# green card reentry permit biometrics question



## nkb535 (Apr 27, 2012)

Hello. My husband is a UK citizen who is working in the US and holds a green card. He recently accepted an 18 month position in the UK so he will be moving there in 4 weeks. 

He wants to get a reentry permit so that we can return to the US in 18 months if we choose. However, he saw that he needs to allow 8 weeks for the biometrics appointment, but he is flying out 4 weeks from today. Is there anything he can do about this? Can he get the biometrics done early, or is it possible to do them in the UK?

Any advice would be great, thanks.


----------



## mfowler (May 29, 2009)

Hi nkb535,

I got the Re-Entry Permit and came in using it last year before it expired. You have to be in the US to do it, no other option. I applied and wrote EXPEDITE on the envelope and received a letter for an appointment in around 2.5 weeks. I read this on another forum and it seemed to work for me but I applied over 2 years ago now so it could have changed. 
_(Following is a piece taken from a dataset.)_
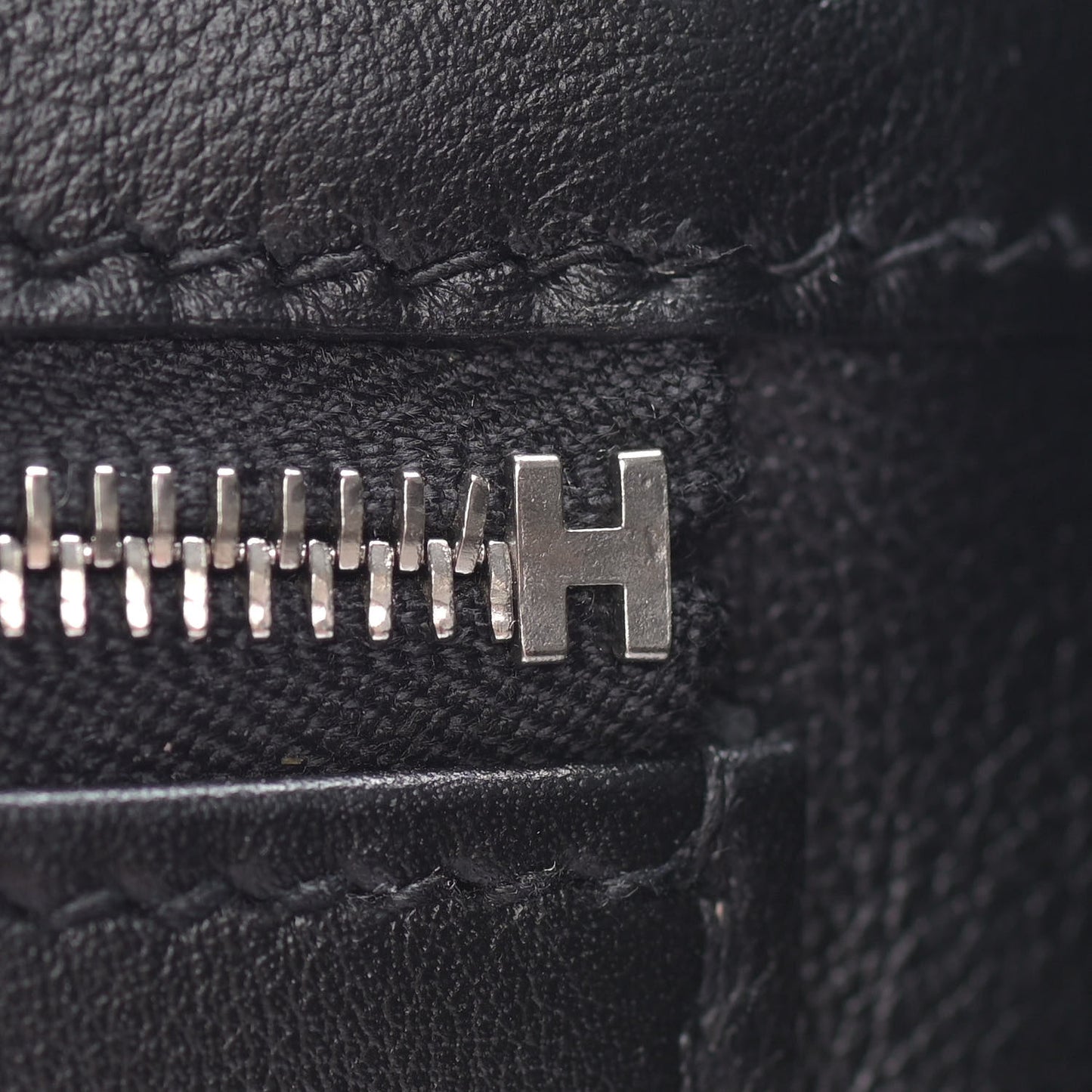 Swift Kelly Retourne 25 Black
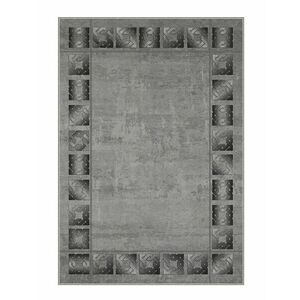 Conceptum Hypnose Carpet (160 x 230) Multicolor HM-CRP25-32 kép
Once I did the biometrics, I left for the UK and had the Re-Entry Permit posted to the US Embassy in London. Make sure you write a UK phone number on the application form as I didn't and they didn't contact me to pick it up, even though I had a US phone number and email address on the form! Picking it up was easy as well, no long wait time which is the norm at the London office.

Hope that helps!


----------



## samuel5028 (Apr 15, 2010)

nkb535 said:


> Hello. My husband is a UK citizen who is working in the US and holds a green card. He recently accepted an 18 month position in the UK so he will be moving there in 4 weeks.
> 
> He wants to get a reentry permit so that we can return to the US in 18 months if we choose. However, he saw that he needs to allow 8 weeks for the biometrics appointment, but he is flying out 4 weeks from today. Is there anything he can do about this? Can he get the biometrics done early, or is it possible to do them in the UK?
> 
> Any advice would be great, thanks.


You will need to be present in the US for the biometrics or risk having your reentry application denied. Check out the form instructions for form I-131 for what has to be done in case of expedite requests. The instructions on the USCIS form say: 

"Expedite Request Instructions To request expedited processing of applications for Re-entry Permit or Refugee Travel Document, write the word EXPEDITE in the top right corner of the application in black ink. We recommend providing e-mail addresses and a fax number with any expedite request for the Re-entry Permit or Refugee Travel Document."


----------



## Davis1 (Feb 20, 2009)

form 131 has to be applied for in the US
you must be available for the biometrics

then you can leave and have it forwarded


----------